Below are several entries. Transcribe exactly those lines that fall from the one with "Scutece de noapte" through the one with "vidaXL Fürdőszoba mosdószekrény", end lines included.

▸ Data shown
_ _ _ _

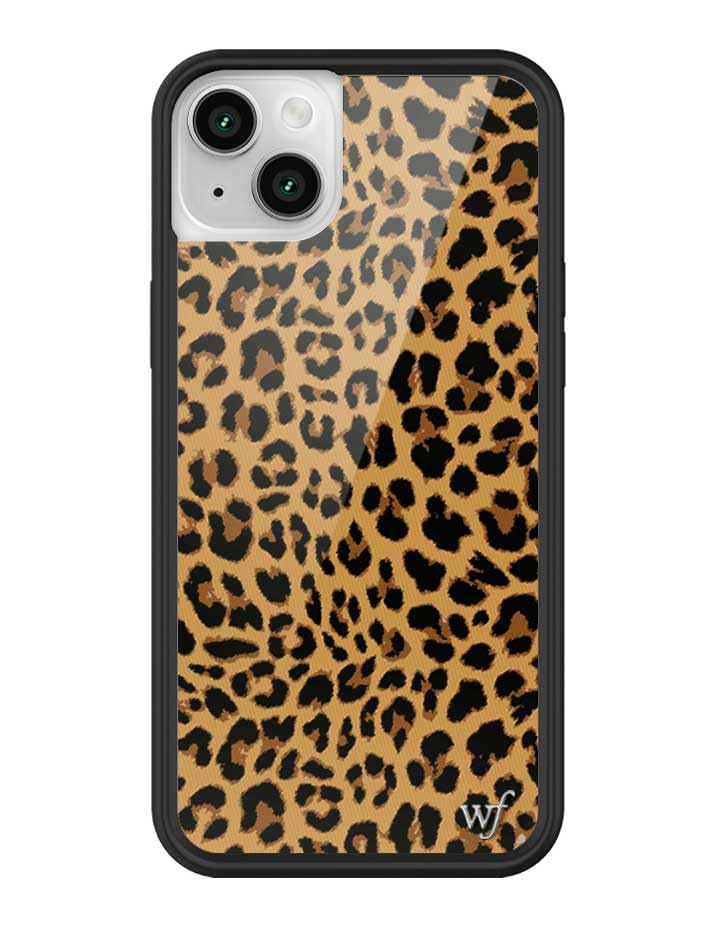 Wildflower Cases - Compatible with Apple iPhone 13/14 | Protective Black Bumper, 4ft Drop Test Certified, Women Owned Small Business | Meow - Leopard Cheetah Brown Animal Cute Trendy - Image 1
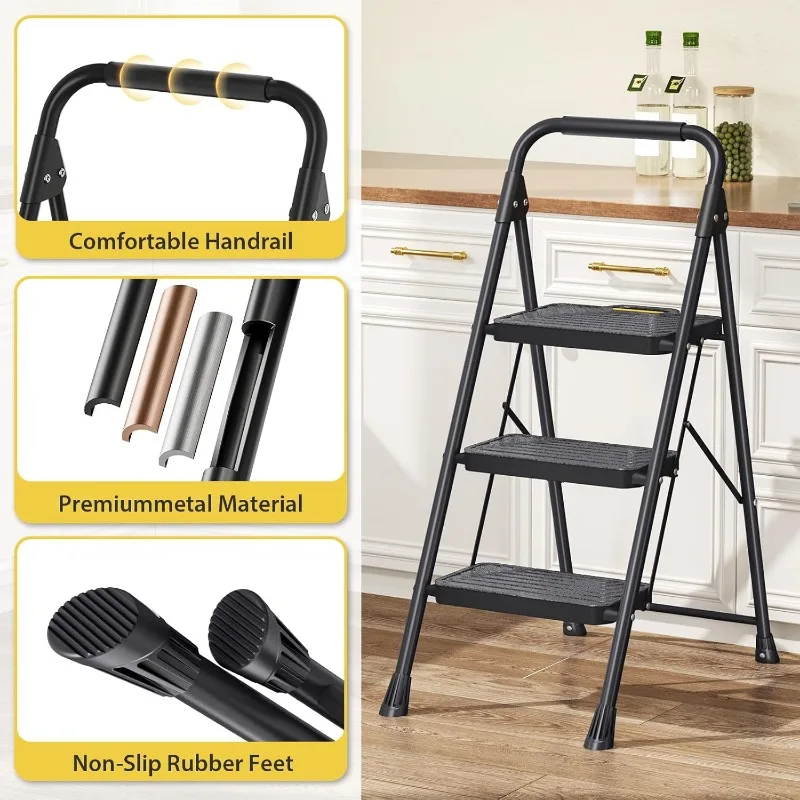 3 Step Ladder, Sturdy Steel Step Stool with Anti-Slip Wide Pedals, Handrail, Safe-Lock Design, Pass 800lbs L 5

_ _ _ _

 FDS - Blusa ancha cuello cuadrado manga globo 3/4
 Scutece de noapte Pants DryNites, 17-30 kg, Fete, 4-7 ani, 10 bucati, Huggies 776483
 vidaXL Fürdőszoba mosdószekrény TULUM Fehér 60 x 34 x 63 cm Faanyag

_ _ _ _

▸ Exercise result
 Scutece de noapte Pants DryNites, 17-30 kg, Fete, 4-7 ani, 10 bucati, Huggies 776483
 vidaXL Fürdőszoba mosdószekrény TULUM Fehér 60 x 34 x 63 cm Faanyag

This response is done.